=== Source material ===
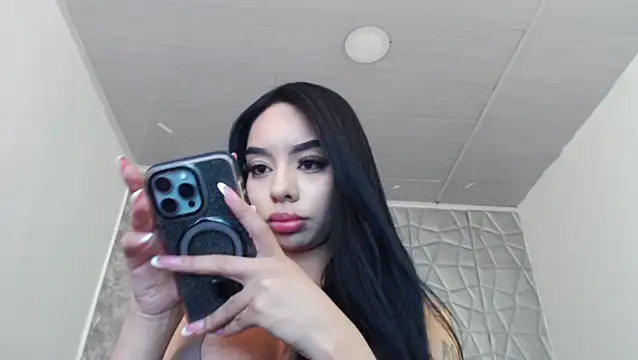 Snapshot of Tiffanny chatting on October 24, 2:21 am Tiffanny online show from October 24, 2:21 am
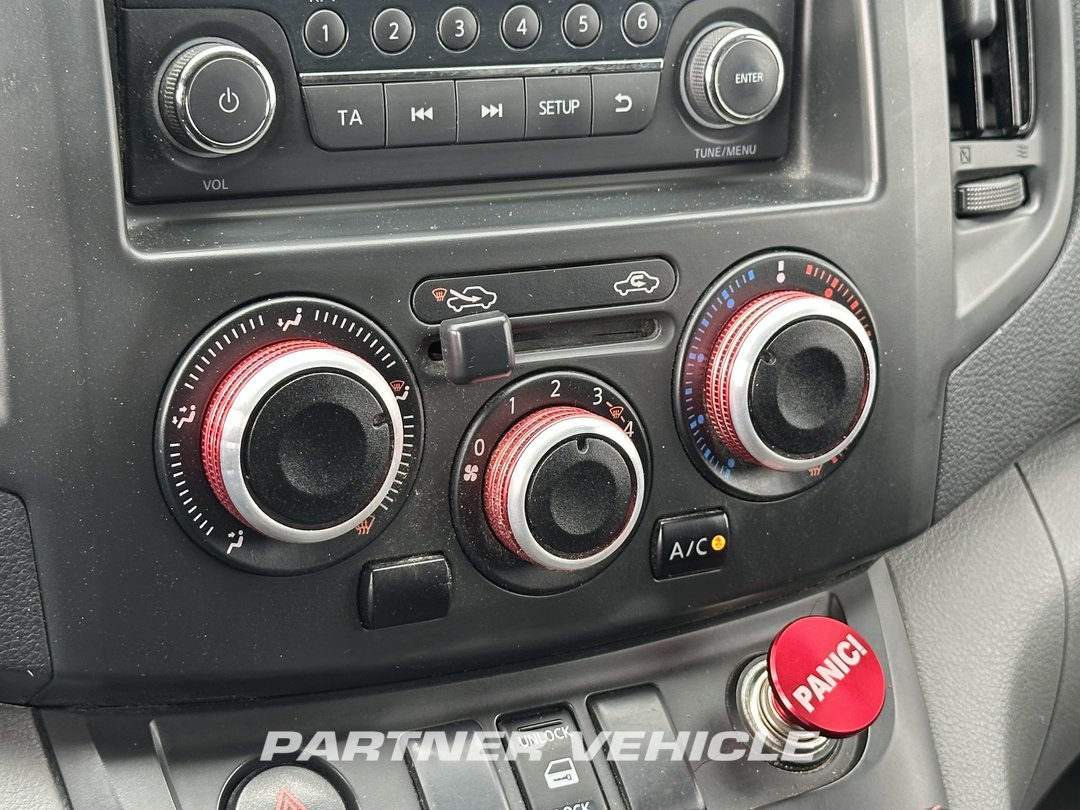 frontLeft : Nissan NV200 90PK شاحنة خفيفة بصندوق مغلق
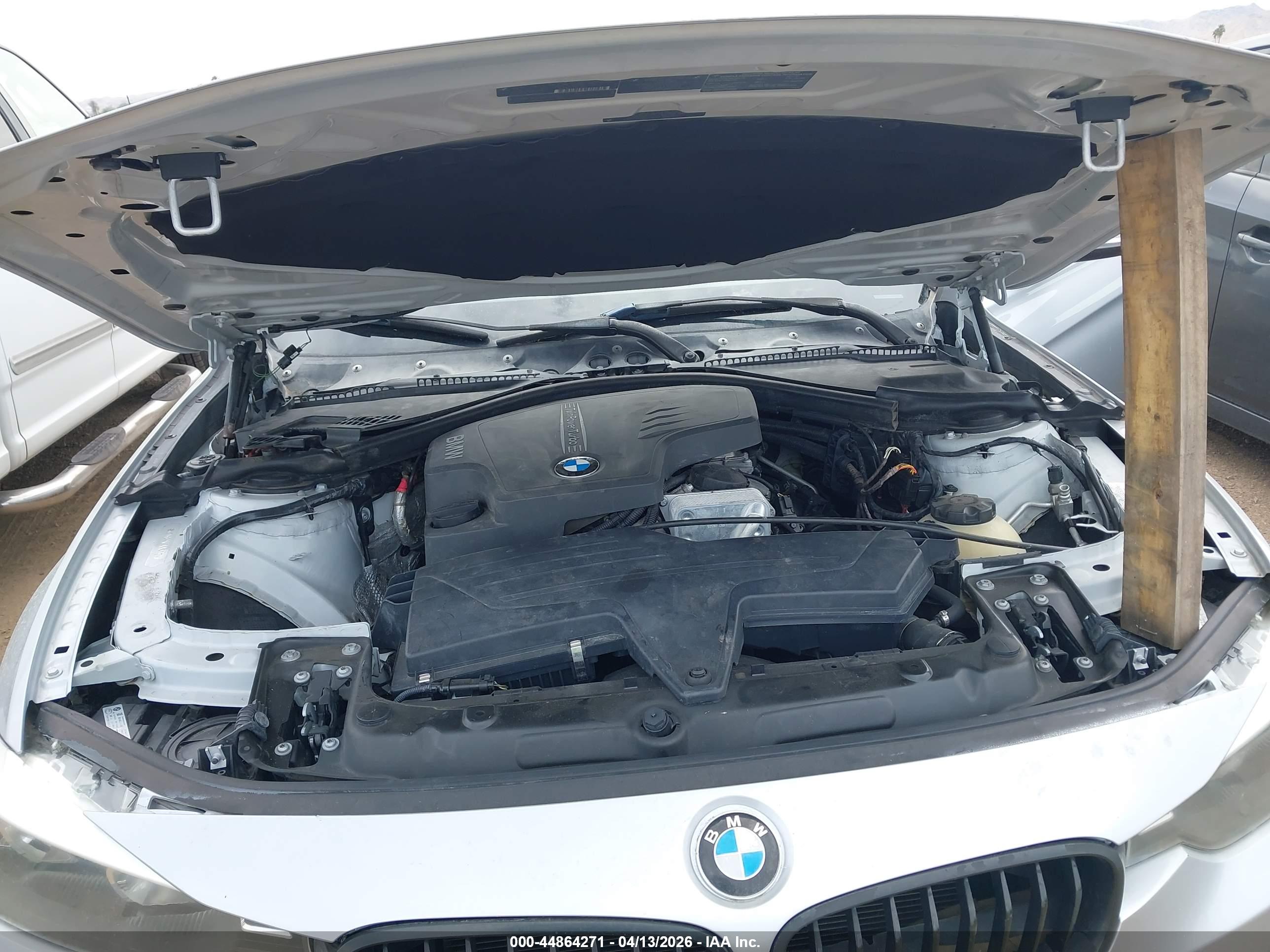 BMW 328I image 10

=== The problem ===
Retype the material above exactly, images excluded.

=== Answer to this problem ===
 Snapshot of Tiffanny chatting on October 24, 2:21 am Tiffanny online show from October 24, 2:21 am
 frontLeft : Nissan NV200 90PK شاحنة خفيفة بصندوق مغلق
 BMW 328I image 10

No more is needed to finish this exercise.